Task brief: Starting with the line that contains "Foto 12c151c3-7e7f-4a66-b1da-fe74ede8cfc3. Casa" and ending with the last line of the entries, repeat exactly those lines and nothing else, pictures excluded.

——————————

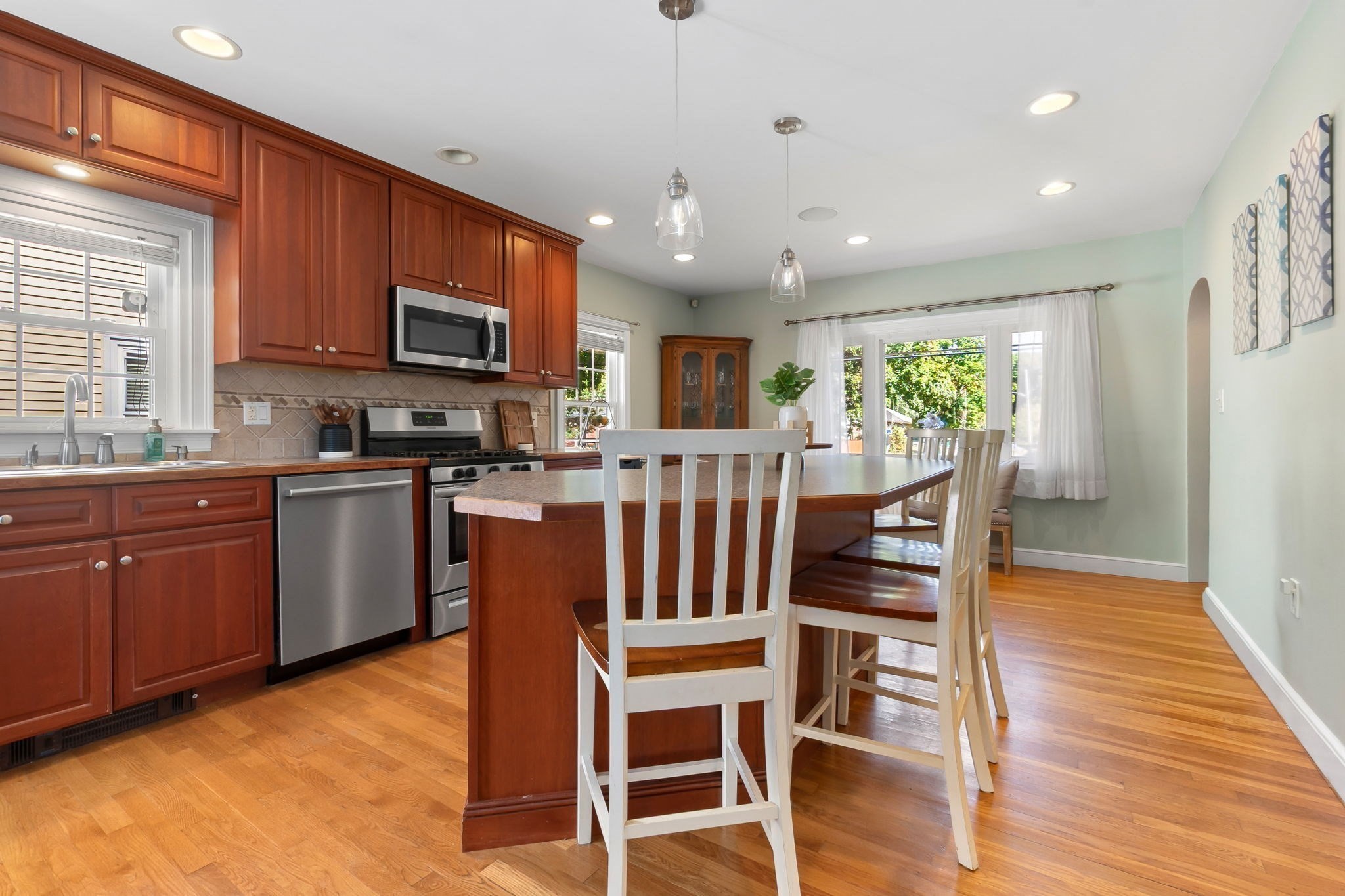 15 Maple Valley Road Lynn, MA 01904 - Photo 8 of 40 Gallery Image 8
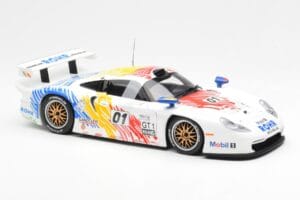 Porsche 911 GT1 #1 A. McNish / R. Sullivan / U. Alzen Rohr Motorsport Daytona 24 Hours 1998 UT Models 1:18 39611 Metall — Bild 4 von 6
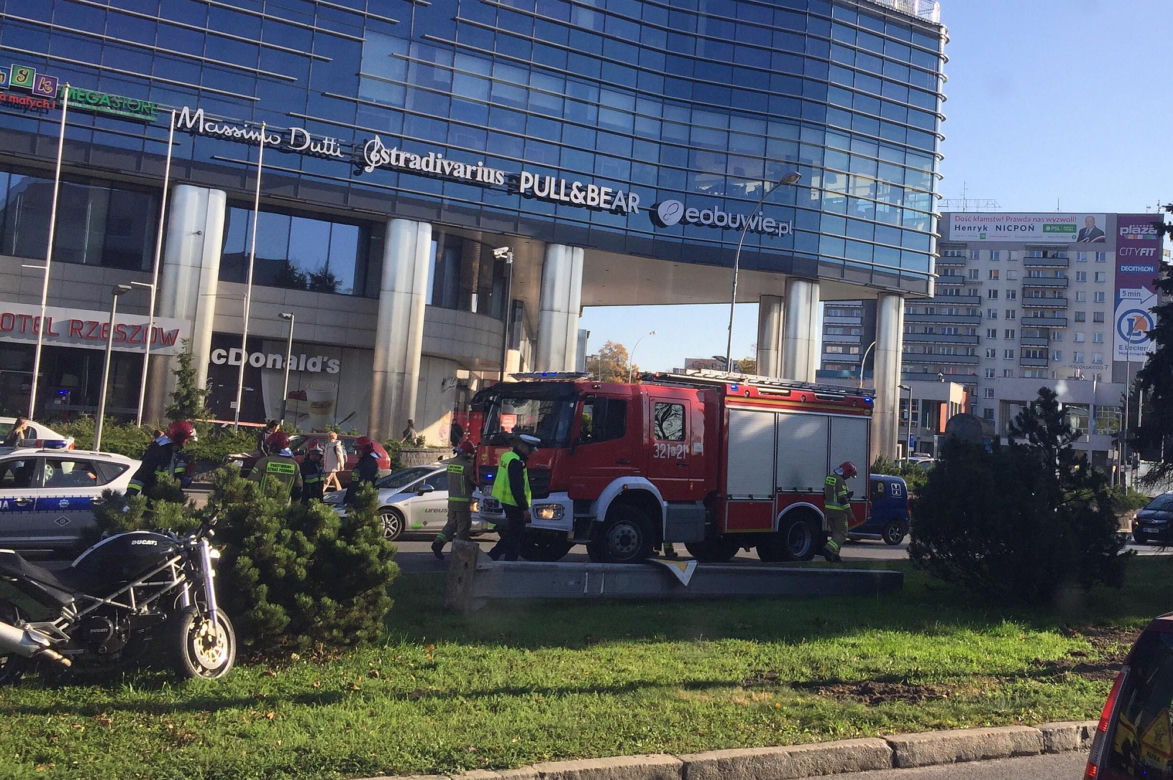 Wypadek motocyklisty przy Galerii Rzeszów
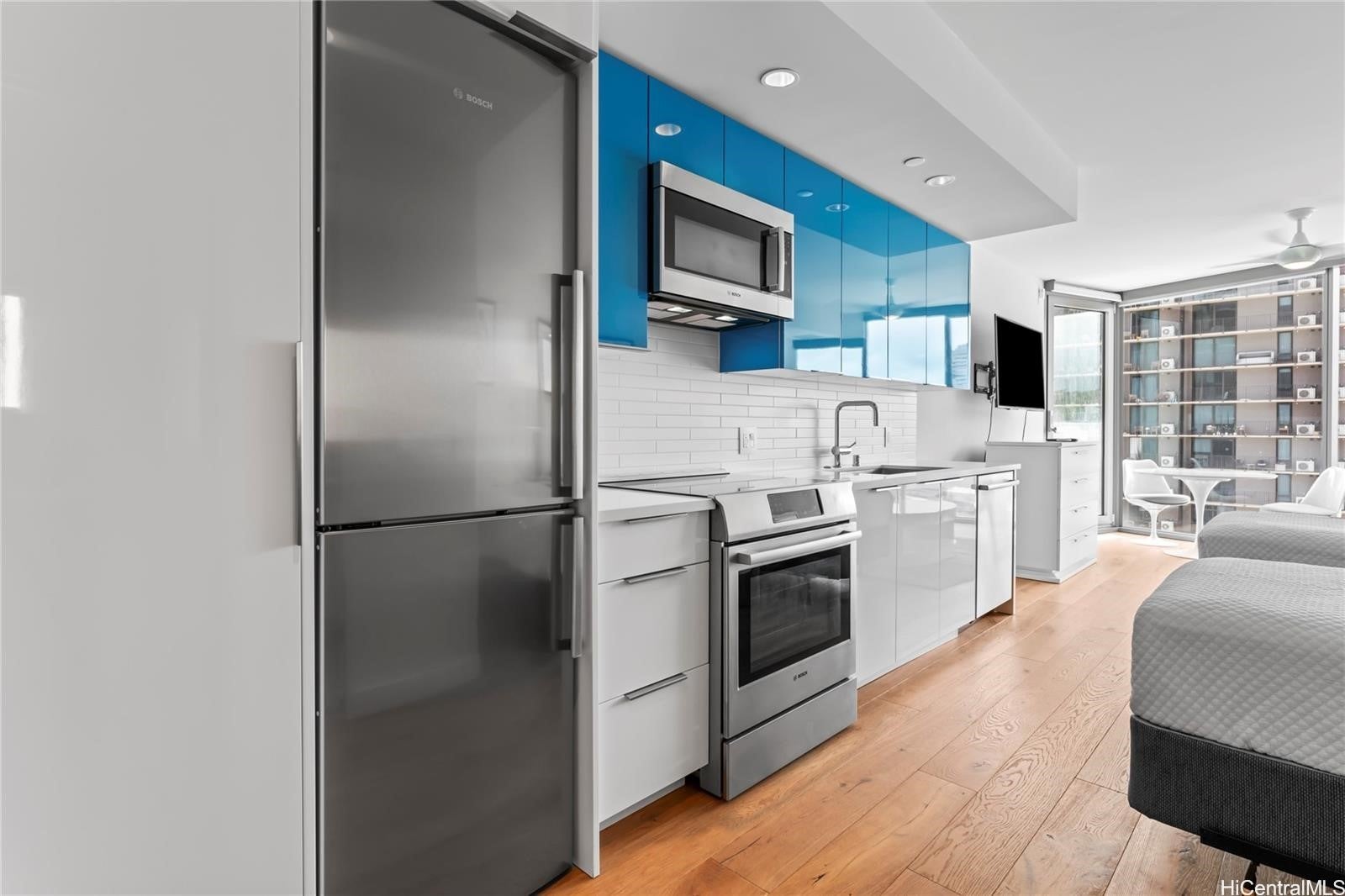 1001 Queen Street 1407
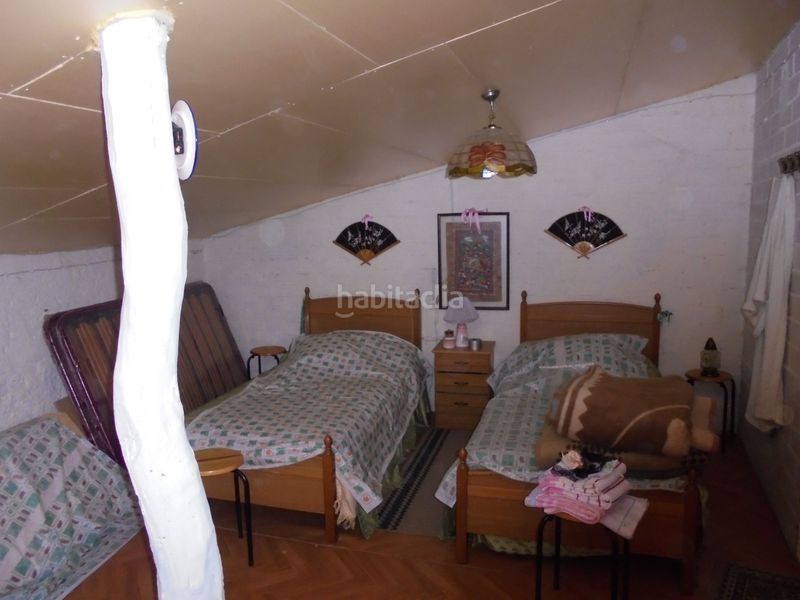 Foto 12c151c3-7e7f-4a66-b1da-fe74ede8cfc3. Casa adosada en calle cañada 1 en Bóveda de Toro (La)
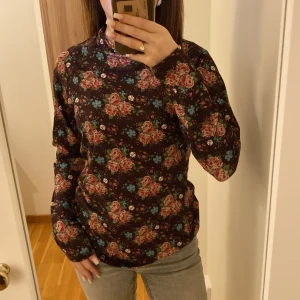 Ridtröja CRW  - Storlek S. Som ny.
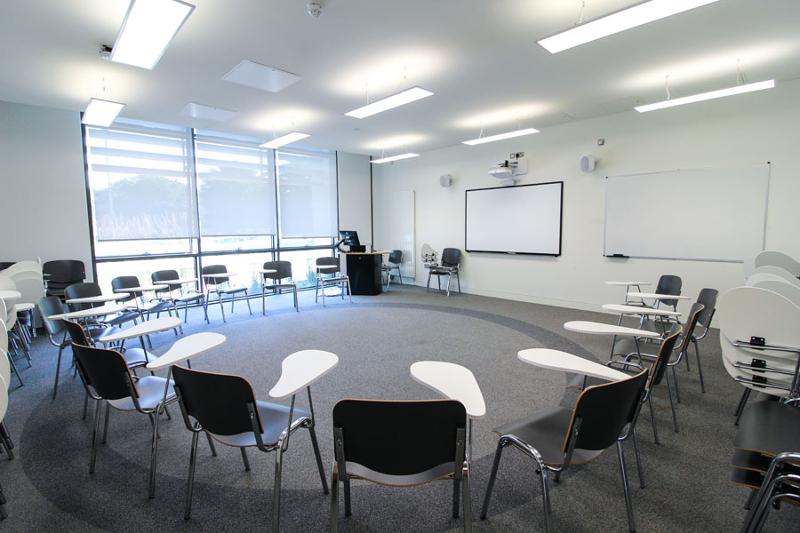 Ein Stuhlkreis steht im Klassenzimmer auf Sprachreise Irland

——————————

The answer:
 Foto 12c151c3-7e7f-4a66-b1da-fe74ede8cfc3. Casa adosada en calle cañada 1 en Bóveda de Toro (La)
 Ridtröja CRW  - Storlek S. Som ny.
 Ein Stuhlkreis steht im Klassenzimmer auf Sprachreise Irland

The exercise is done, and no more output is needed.